WORK REQUEST:
Where the line containing "Mountain Hardwear Shirt" appears in the entries below, start there and print only that line and every line after it, exactly, through the end, excluding pictures.

(Captioned web image data)

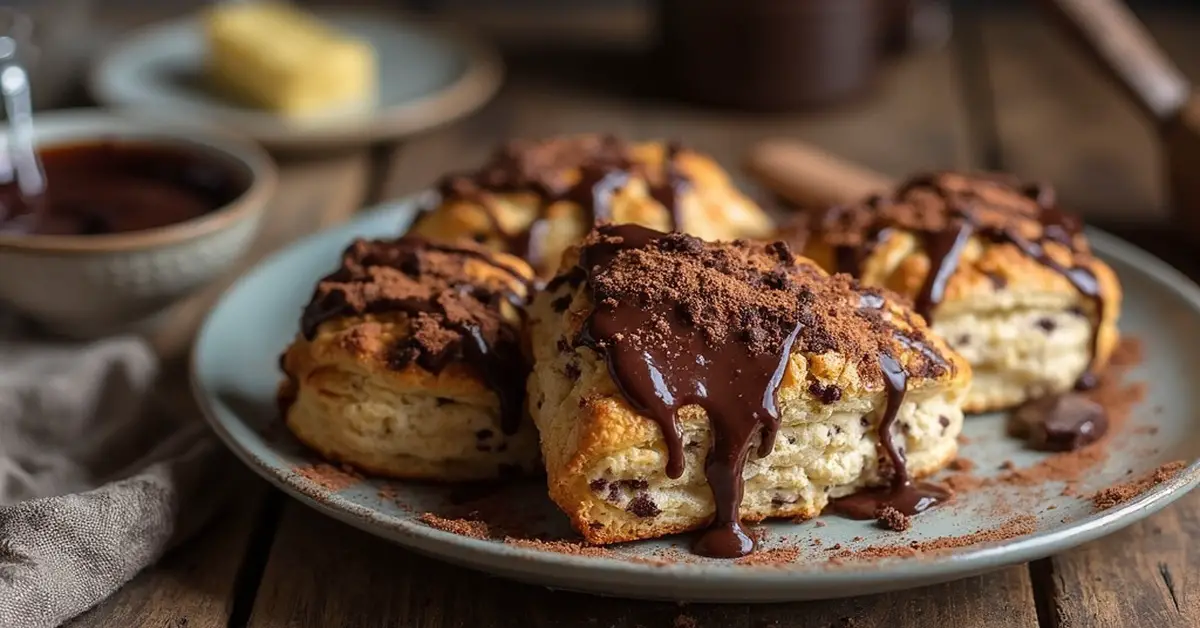 Scones med chokolade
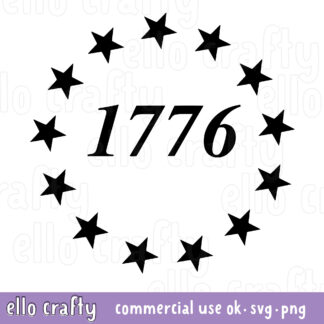 Free 1776 SVG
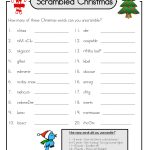 Christmas Word Scramble And Answers | Games | Christmas Word   Printable Unscramble Puzzles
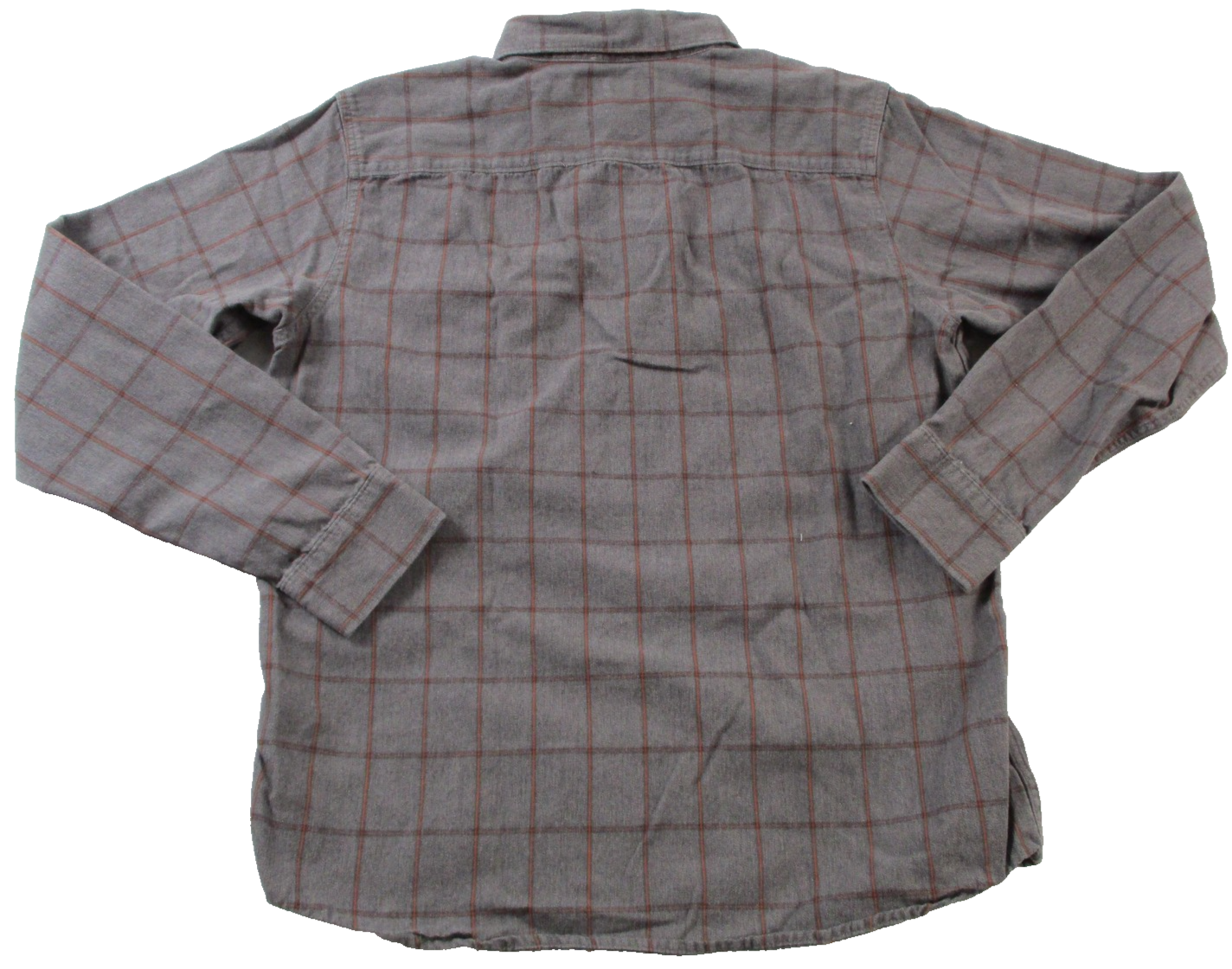 Mountain Hardwear Shirt Mens Med Gray Plaid Flannel Long Sleeve Button Up 16061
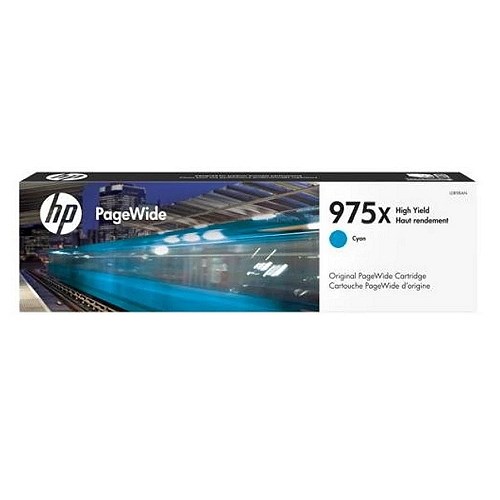 HP 975X Cyan Original PageWide Cartridge (L0S00AA)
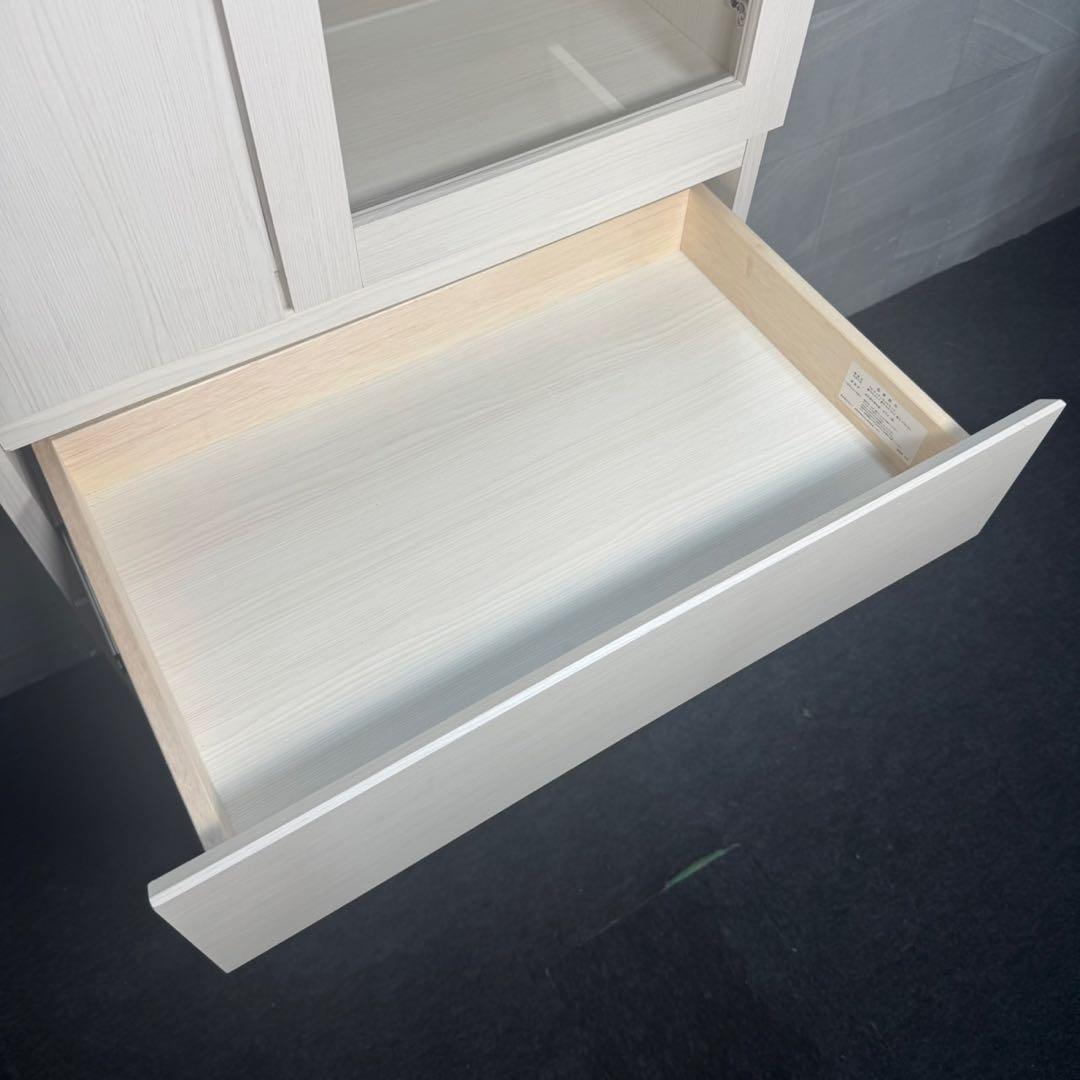 Francfranc キッチンキャビネット パセ 食器棚 65cm d4745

RESPONSE BELOW:
 Mountain Hardwear Shirt Mens Med Gray Plaid Flannel Long Sleeve Button Up 16061
 HP 975X Cyan Original PageWide Cartridge (L0S00AA)
 Francfranc キッチンキャビネット パセ 食器棚 65cm d4745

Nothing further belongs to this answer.